Novo laudo aponta sinais de agressão antes da morte de PM

Jornalismo — OMADEIRA
A morte da policial militar Gisele Alves Santana, de 32 anos, ganhou novos desdobramentos após a divulgação de um laudo pericial produzido depois da exumação do corpo. A PM foi encontrada morta com um disparo na cabeça no dia 18 de fevereiro, dentro do apartamento onde morava, no bairro do Brás, região central de São Paulo.
Segundo Metrópoles, o exame, realizado após a exumação ocorrida na última sexta-feira (6), identificou marcas no rosto e no pescoço da vítima. De acordo com o documento, as lesões apresentam características compatíveis com pressão exercida por dedos e arranhões provocados por unhas, o que levanta a hipótese de que Gisele possa ter sido agredida e até perdido a consciência antes do disparo.
Na época do ocorrido, a policial foi encontrada dentro do imóvel que dividia com o marido, o tenente-coronel da Polícia Militar Geraldo Leite Rosa Neto, de 53 anos.
Inicialmente, o caso chegou a ser tratado como possível suicídio, mas posteriormente passou a ser investigado pela Polícia Civil de São Paulo como morte suspeita.
Em depoimento, o oficial afirmou que estava tomando banho quando ouviu o disparo. Segundo ele, a arma utilizada no caso era de sua propriedade. Após perceber o ocorrido, o militar disse que acionou o socorro da Polícia Militar do Estado de São Paulo e também pediu que um amigo desembargador fosse até o local.
Durante o interrogatório, um delegado questionou o fato de o tenente-coronel ter retornado ao apartamento para tomar banho depois do ocorrido. Em resposta, o militar declarou que faria isso porque acreditava que passaria muito tempo longe de casa após a situação.
O oficial também relatou às autoridades que enfrentava resistência da família da esposa em relação ao relacionamento e que já havia iniciado um processo de separação. Segundo ele, essa situação teria provocado uma reação negativa da companheira, o que poderia ter levado ao suposto suicídio.
Por outro lado, a mãe da policial contestou a versão apresentada pelo genro.
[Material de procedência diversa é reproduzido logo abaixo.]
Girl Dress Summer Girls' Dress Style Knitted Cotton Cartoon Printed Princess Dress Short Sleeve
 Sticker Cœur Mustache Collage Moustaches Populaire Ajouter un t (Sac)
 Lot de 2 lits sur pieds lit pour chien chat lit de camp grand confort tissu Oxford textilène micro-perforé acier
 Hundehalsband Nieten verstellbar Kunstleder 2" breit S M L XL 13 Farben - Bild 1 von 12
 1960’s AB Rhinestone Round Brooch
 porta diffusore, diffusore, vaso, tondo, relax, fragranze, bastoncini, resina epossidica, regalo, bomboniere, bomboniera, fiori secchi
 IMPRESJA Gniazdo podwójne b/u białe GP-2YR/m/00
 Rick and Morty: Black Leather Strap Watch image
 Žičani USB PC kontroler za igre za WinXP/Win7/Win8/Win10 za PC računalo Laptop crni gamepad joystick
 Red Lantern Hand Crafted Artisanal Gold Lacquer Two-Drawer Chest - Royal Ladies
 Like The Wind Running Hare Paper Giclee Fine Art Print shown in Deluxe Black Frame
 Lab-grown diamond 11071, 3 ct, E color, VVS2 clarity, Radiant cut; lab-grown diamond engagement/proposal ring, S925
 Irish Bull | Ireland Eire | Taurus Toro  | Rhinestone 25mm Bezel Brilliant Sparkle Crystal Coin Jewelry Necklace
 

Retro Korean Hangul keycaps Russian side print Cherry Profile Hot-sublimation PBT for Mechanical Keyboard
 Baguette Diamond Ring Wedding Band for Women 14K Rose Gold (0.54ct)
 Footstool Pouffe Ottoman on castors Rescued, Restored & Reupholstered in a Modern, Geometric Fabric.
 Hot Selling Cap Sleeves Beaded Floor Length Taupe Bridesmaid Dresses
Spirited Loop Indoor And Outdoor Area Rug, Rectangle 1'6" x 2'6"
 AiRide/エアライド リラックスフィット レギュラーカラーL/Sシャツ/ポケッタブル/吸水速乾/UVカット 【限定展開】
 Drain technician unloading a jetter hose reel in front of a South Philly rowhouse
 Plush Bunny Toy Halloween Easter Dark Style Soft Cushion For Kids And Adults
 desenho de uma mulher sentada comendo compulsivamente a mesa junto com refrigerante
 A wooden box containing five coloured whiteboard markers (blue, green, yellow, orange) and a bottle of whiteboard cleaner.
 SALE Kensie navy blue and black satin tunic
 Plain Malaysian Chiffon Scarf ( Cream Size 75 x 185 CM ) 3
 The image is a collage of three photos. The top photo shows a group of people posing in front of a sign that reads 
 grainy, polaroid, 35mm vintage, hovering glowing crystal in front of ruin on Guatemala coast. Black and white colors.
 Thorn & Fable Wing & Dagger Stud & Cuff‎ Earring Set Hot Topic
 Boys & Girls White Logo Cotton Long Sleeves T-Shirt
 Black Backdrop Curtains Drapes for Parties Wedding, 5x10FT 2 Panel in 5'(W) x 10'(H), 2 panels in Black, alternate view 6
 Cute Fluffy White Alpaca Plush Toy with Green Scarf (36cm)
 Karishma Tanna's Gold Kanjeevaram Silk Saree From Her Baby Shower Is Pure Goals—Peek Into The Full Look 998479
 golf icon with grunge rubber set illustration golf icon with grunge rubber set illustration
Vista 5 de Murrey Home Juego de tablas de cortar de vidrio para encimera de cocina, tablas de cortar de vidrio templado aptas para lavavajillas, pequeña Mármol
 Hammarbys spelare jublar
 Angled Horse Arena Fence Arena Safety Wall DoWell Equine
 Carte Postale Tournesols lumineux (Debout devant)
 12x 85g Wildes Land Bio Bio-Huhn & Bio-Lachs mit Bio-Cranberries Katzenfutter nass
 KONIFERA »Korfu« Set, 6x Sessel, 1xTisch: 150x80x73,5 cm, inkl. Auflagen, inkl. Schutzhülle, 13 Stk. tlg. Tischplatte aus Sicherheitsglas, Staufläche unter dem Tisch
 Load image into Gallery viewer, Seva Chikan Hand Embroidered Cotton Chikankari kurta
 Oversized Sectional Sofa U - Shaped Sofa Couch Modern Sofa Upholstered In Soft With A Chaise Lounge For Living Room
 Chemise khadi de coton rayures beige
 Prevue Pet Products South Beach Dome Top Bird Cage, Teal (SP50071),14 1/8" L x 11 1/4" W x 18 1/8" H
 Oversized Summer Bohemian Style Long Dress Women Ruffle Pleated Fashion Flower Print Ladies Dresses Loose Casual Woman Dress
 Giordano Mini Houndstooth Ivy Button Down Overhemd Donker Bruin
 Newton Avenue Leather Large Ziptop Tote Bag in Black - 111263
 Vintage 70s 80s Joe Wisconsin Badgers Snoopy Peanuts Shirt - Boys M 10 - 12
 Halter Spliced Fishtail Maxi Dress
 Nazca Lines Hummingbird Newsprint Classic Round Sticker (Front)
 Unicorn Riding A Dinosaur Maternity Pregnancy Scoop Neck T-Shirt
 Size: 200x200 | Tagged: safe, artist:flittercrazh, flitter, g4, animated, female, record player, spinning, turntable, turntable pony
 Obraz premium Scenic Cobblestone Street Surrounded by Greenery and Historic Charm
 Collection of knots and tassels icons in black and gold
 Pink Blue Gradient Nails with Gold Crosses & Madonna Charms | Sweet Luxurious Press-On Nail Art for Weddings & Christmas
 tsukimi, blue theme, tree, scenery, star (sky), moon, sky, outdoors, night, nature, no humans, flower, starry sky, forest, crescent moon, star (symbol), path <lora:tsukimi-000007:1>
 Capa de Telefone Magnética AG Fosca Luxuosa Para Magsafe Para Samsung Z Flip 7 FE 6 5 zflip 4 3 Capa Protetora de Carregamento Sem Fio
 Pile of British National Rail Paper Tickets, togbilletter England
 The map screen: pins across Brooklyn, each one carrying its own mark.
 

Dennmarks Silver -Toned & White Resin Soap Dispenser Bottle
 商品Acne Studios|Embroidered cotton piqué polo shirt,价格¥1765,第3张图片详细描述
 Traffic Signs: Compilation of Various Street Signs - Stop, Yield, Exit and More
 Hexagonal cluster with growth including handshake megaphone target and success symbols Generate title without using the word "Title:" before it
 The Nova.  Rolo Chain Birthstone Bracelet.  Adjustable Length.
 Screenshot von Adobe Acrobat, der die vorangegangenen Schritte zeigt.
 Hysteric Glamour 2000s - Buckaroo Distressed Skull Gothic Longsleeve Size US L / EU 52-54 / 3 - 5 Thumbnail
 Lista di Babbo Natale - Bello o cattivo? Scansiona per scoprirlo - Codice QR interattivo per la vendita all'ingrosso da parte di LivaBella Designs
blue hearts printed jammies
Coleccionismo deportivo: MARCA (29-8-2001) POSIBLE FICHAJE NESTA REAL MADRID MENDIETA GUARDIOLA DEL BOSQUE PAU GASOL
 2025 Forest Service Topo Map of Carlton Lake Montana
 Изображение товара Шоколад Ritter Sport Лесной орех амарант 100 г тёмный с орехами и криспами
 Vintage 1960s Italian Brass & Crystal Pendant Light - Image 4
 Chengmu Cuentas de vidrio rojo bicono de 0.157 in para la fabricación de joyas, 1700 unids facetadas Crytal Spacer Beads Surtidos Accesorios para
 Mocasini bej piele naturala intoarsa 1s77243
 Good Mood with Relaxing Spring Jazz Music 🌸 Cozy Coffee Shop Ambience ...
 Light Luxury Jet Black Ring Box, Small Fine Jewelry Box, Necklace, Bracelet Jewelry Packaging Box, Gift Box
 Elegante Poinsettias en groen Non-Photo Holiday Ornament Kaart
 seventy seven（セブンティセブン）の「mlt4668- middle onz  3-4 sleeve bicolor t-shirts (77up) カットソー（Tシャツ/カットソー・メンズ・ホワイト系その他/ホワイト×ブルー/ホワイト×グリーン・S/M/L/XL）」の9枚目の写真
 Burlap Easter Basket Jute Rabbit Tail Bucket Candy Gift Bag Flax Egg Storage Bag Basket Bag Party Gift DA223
Em seu depoimento, afirmou que a relação entre os dois era marcada por conflitos e acusou o militar de ter comportamento abusivo e agressivo. Ela relatou ainda que o marido da filha impunha restrições à maneira como Gisele se vestia, proibindo, por exemplo, o uso de batom e salto alto.
A mãe também declarou que, cerca de uma semana antes da morte, a policial entrou em contato pedindo ajuda aos pais. Na ligação, segundo ela, Gisele teria dito que não suportava mais a pressão no relacionamento e que pretendia se separar.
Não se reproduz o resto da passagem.